*** Block opens ***

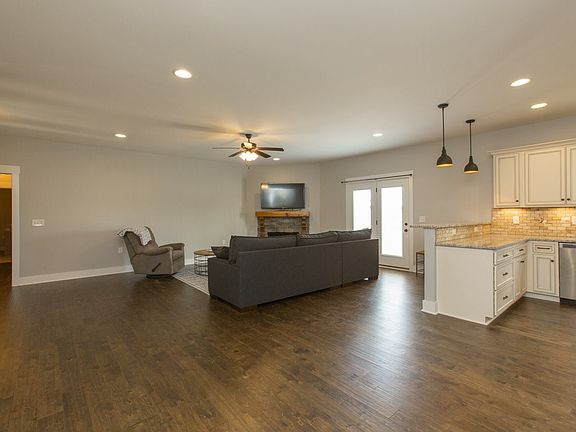 4th image of 1166 Aristides Dr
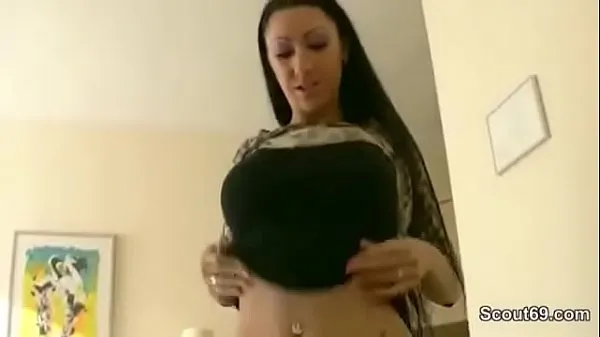 Nagy Sister catches stepbrother and gives him a BJ meleg cső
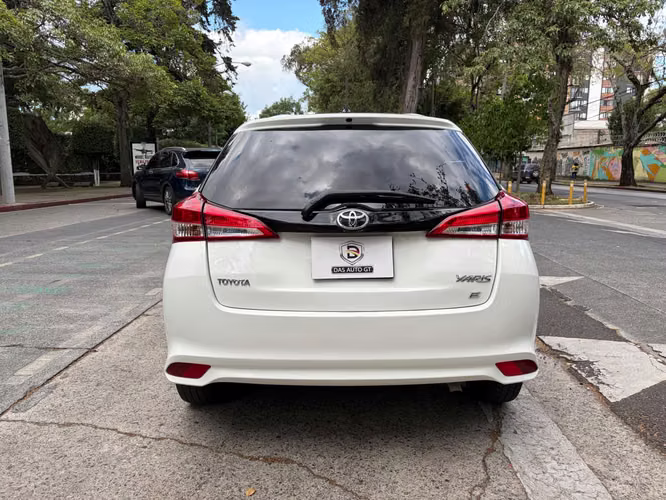 Toyota Yaris E de Agencia Modelo 2023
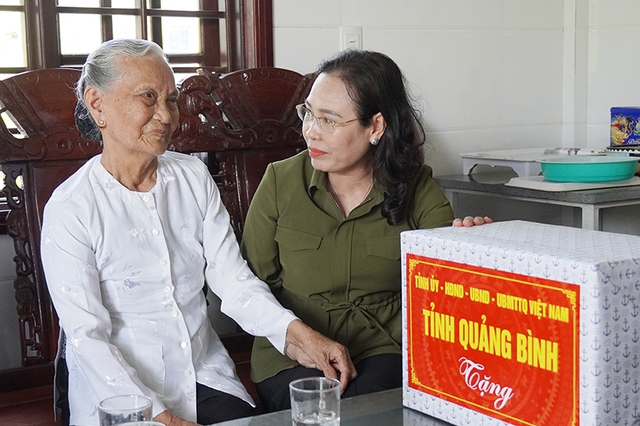 Quảng Bình: Tri ân gia đình thân nhân liệt sỹ, chiến sỹ Điện Biên - Ảnh 2.
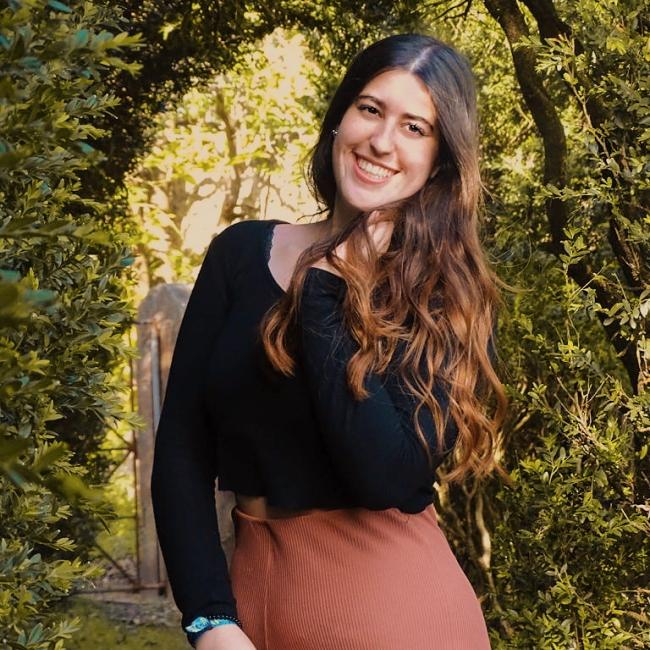 Babysitter in Oeiras: Bárbara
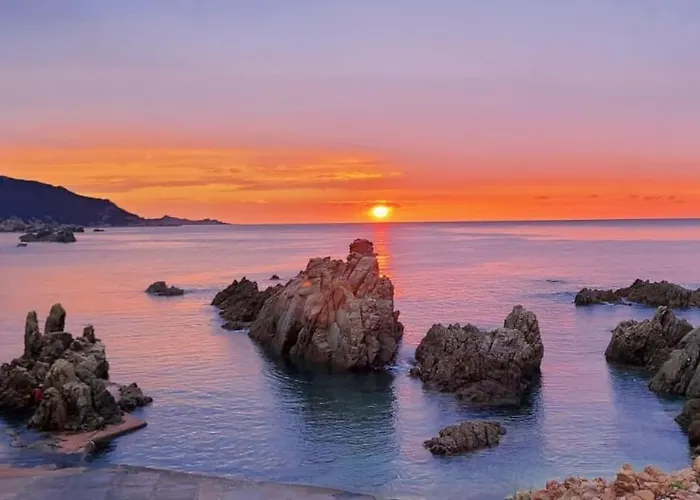 Isor Con Piscina Hébergement de vacances Costa Paradiso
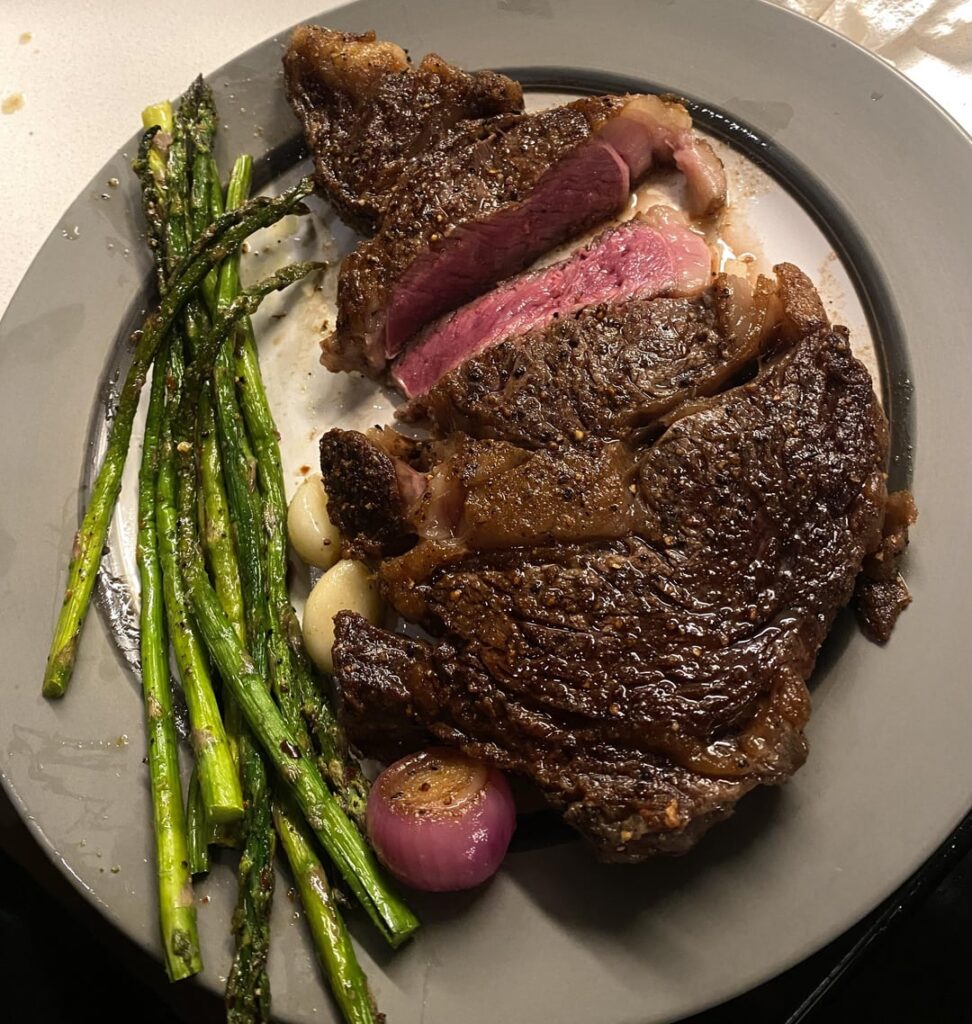 First time cooking ribeye! Happy New Year everyone!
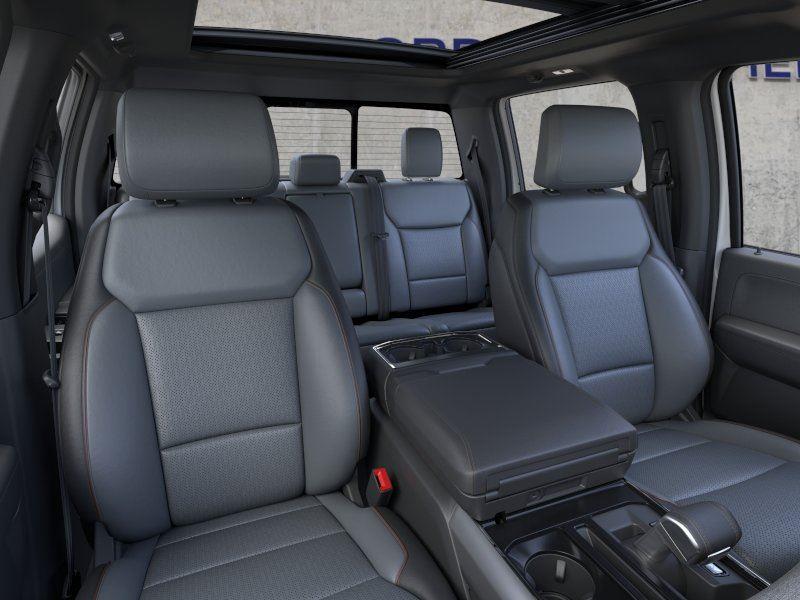New 2025 Oxford White Ford LARIAT image 10
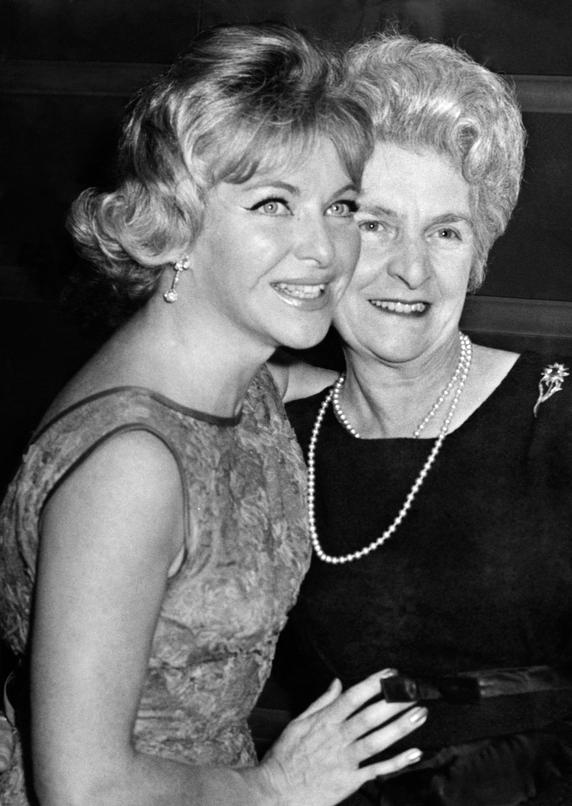 Line Renaud : « J'ai passé ma vie à dire “Pourquoi pas ?” »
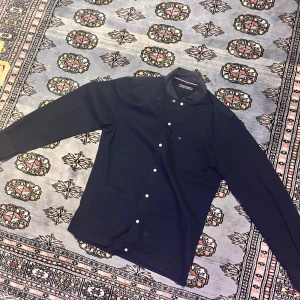 Tommy-Hilfiger overshirt - En fin mörklblå tommy hilfiger overshirt i bra skick, säljes pga av att den är för stor!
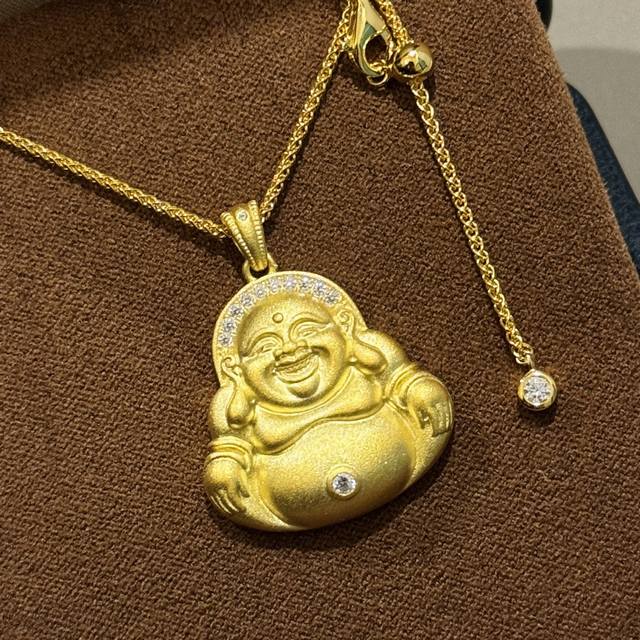 A5516 Traditional Gold-Colored Maitreya Buddha Pendant, Buddha Pendant, Sandblas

*** Block closes ***

DIRECTIONS FOR THIS TASK ▸
Each line from the one with "First time cooking" through the end of the entries should be reproduced exactly. Leave out the pictures.

RESULT FOR THIS TASK ▸
 First time cooking ribeye! Happy New Year everyone!
New 2025 Oxford White Ford LARIAT image 10
 Line Renaud : « J'ai passé ma vie à dire “Pourquoi pas ?” »
 Tommy-Hilfiger overshirt - En fin mörklblå tommy hilfiger overshirt i bra skick, säljes pga av att den är för stor!
 A5516 Traditional Gold-Colored Maitreya Buddha Pendant, Buddha Pendant, Sandblas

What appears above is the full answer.